To further confirm the tumor-promoting function of ITPKB in TMZ-resistant glioma, we examined tumor growth in vivo after treatment with the ITPKB inhibitor GNF362 (Fig. 7j). After 15 days of TMZ and/or GNF362 treatment, the combined treatment group exhibited a significantly better therapeutic response in xenograft tumors. Throughout the experiment, mice receiving combination treatment showed an expected decrease in tumor growth with no change in body weight (Fig. 7k–n). Additionally, the combination treatment group showed a significantly increased H2O2 level similar to that of ITPKB depletion (Fig. 7o). These data support the notion that ITPKB plays a vital role in regulating the chemotherapy response of TMZ-resistant glioma through ROS homeostasis.
Discussion
TMZ serves as the primary chemotherapeutic agent for GBM treatment; however, intrinsic or acquired resistance to TMZ significantly limits the efficacy of the drug.38 Numerous combinations of TMZ with various chemotherapy, immunotherapy, and radiotherapy methods have been investigated to overcome the challenges in GBM treatment.39,40 Despite these efforts, clinically significant benefits from such combinations have yet to be realized, underscoring the need for more understanding of TMZ resistance mechanisms to achieve successful GBM treatment.41 This study elucidates a novel mechanism of TMZ resistance, in which ubiquitously expressed lipid kinase ITPKB in recurrent GBM influences TMZ sensitivity in glioma by modulating ROS homeostasis. These findings suggest that ITPKB is a potential therapeutic target for TMZ resistance.

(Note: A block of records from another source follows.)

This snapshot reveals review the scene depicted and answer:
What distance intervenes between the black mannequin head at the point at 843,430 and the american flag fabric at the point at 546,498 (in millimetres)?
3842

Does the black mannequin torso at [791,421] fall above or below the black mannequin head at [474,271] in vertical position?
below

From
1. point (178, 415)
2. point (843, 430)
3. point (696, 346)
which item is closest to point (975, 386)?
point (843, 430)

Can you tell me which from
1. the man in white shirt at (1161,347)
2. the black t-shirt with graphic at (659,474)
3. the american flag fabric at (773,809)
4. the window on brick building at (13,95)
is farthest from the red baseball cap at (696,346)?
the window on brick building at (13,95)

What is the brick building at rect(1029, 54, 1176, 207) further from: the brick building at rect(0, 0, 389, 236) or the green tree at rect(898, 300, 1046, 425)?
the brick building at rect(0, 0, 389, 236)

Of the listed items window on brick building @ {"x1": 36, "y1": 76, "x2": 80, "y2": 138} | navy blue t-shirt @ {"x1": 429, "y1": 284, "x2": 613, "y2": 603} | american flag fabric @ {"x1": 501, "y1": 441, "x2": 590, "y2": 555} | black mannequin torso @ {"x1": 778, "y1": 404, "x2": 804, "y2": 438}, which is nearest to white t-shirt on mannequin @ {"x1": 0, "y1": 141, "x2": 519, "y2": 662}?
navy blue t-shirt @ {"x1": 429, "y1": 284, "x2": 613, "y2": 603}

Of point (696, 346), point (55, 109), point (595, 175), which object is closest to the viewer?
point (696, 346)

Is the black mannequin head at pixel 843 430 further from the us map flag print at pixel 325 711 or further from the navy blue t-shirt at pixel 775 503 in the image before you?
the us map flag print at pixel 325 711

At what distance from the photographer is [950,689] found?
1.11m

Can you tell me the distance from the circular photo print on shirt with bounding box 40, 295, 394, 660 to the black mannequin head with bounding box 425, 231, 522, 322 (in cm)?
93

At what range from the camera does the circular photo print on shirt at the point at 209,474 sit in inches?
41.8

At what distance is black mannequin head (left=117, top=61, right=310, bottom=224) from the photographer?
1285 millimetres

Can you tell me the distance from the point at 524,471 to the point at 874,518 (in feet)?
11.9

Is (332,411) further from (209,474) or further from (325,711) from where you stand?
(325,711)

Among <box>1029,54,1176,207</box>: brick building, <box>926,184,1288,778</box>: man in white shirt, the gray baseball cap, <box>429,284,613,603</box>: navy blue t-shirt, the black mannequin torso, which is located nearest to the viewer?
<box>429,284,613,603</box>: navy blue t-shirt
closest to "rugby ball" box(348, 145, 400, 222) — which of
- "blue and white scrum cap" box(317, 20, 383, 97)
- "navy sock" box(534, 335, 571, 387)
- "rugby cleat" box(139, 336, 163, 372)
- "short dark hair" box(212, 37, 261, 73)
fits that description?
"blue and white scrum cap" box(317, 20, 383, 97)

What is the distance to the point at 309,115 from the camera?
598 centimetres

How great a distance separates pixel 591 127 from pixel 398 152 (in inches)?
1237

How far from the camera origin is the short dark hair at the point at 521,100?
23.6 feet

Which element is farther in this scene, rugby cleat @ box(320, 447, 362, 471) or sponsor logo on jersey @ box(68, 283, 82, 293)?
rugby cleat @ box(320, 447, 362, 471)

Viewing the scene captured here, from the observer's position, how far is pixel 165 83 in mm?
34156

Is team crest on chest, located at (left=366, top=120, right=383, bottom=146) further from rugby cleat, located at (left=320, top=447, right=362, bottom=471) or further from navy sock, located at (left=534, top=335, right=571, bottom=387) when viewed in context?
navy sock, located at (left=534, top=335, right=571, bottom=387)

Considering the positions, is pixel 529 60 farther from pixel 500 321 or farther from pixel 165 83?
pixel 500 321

The exploration of GBM development has predominantly focused on identifying biomarkers and novel drug targets for drug resistance. The current study identified four genes that exhibit differential expression in mixed samples obtained from six pairs of primary and recurrent patients. In particular, only ITPK1 and ITPKB were validated in the paired samples. Previous research has indicated that ITPK1 can inhibit TNF-induced apoptosis by interfering with the activation of the TNF-R1-associated death domain.42 Consistent with this finding, our study reveals an elevated expression of ITPK1 in recurrent GBM samples (Fig. 1f). However, the pathological significance of increased ITPK1 expression in recurrent GBM remains to be elucidated.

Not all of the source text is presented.